結局するところ文学もまた役には立たぬ、彼は沈痛な思いでそう結論した。文学は人生に対する単純素朴な態度を修正してくれて、おのれの人生はただ一つと決定的に思い込んでいる固定した人生観から人を解放してくれはするけれども、実際問題に対する解決策は、偶然にしか、与えてくれぬ。では、文学も無力だとすれば、あと何があるであろう? (p.460)

長い。とにかく長かった。2段組みで1000ページ近くもある。この小説が目指しているのは擬古文を駆使した古典の再構築であり、実在の人物を大胆に動かしたメリーランド州の歴史の再構築である。一見すると脱線に思われるような数々の物語が次々と現れてきて、途中からは人間関係を把握するのが困難になったけれど、その『千夜一夜物語』【Amazon】ばりの豊穣な物語には、はまる人は大いにはまると思う。
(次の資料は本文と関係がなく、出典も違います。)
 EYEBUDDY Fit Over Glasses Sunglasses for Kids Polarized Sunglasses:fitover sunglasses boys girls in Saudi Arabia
主人公が純潔の誓いを立てた童貞で、癖のある従僕を連れて歩くところはまるで『ドン・キホーテ』【Amazon】みたいだった(ただし、この組み合わせは長大な物語の一部分に過ぎない)。やってることはウンベルト・エーコ『前日島』トマス・ピンチョンの『メイスン&ディクスン』【Amazon】に近いけれど、どちらかと言えばチャールズ・ディケンズジョン・アーヴィングが好きな人が気に入りそう。個人的には、全体の6割に来たところ(アメリカ大陸に着いたあたり)で飽きてしまって、もう勘弁してくれという感じだった。
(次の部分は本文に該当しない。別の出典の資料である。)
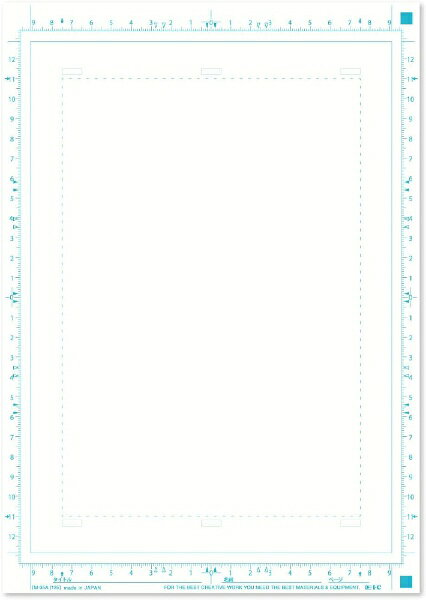 IC｜アイシー 漫画原稿用紙 135Kg A4 IM-35A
「騙り」というのが本作の重要なファクターになっている。主人公のエベニーザーはしばしばその身分を従僕や知人に騙られて酷い目に遭うし、家庭教師のバーリンゲームはしばしば他人に成りすまして陰謀の裏を暗躍する。これらは物語を複雑化させる要因の一つになっているけど、身元を証明する手段があやふやだった時代を舞台にしているのでなかなかぞっとさせるものがあった。自分が自分であることを他人に認知させるのって、実はとても不安定な基盤の上に立っていて、それは現代も変わらないよなって思う。運転免許証やパスポートが有効なのは、平和できちんと管理された社会に限定されている。自分が自分であることを証明する普遍的かつ有効的な手段は未だに存在しない。考えたら背筋がぞっとしてきた。